Believe it or not, this is how my Burb "with" the tow package came from GM.







Yes, at least one of them (electric brake voltage) runs to the back 7 pin plug. I believe the other is the charging circuit and also runs to the 7pin.


----------



## map guy

These two GM publications should get you going..... A wealth of information is available on this website if you understand technical documents

Classic K PDF 1 See page SP-26.

2003 & Beyond Classic Electrical PDF See page A-20

Web site front door:
GM Upfitter Website 

Map Guy


----------



## GoVols

Thanks Jim and Map Guy. I pulled the case up on the engine compartment fuse block enough to see that wires, both red, were terminated on the #1 and #2 studs already. Looks like they are already in place.







Only Stud #1 is missing a maxi-fuse. This seems to correspond to the information Map Guy pointed me to on the GM Upfitter website (missing the Stud #1 maxi fuse and having a 30A in place at Stud #2).

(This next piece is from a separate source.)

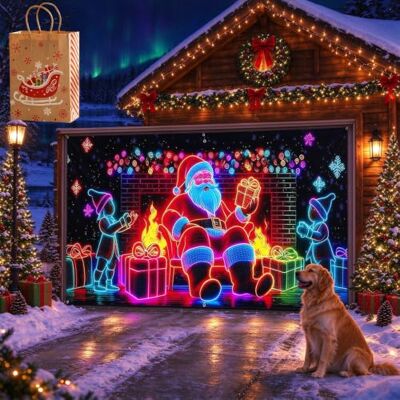 Jmwub Garagentor Banner Weihnachten für Außen, Santa mit Lieferwagen (480 * 200,1PC-D) Jmwub Garagentor Banner Weihnachten für Außen, Santa mit Lieferwagen (480 * 200,1PC-D)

I'll work on installing the controller and the 7 pin receptacle this weekend. I ordered a pigtail/receptacle from etrailer.com, so I hope it will just plug right into the terminated and capped wires at the back of the truck.

JT


----------



## NJMikeC

You have the '07 Classic. Doesn't it have the old style normal plug which is underneath the dash board? They made this change because of the integrated brake controller which is on the "new 07's and not the Classics.

Mike C


----------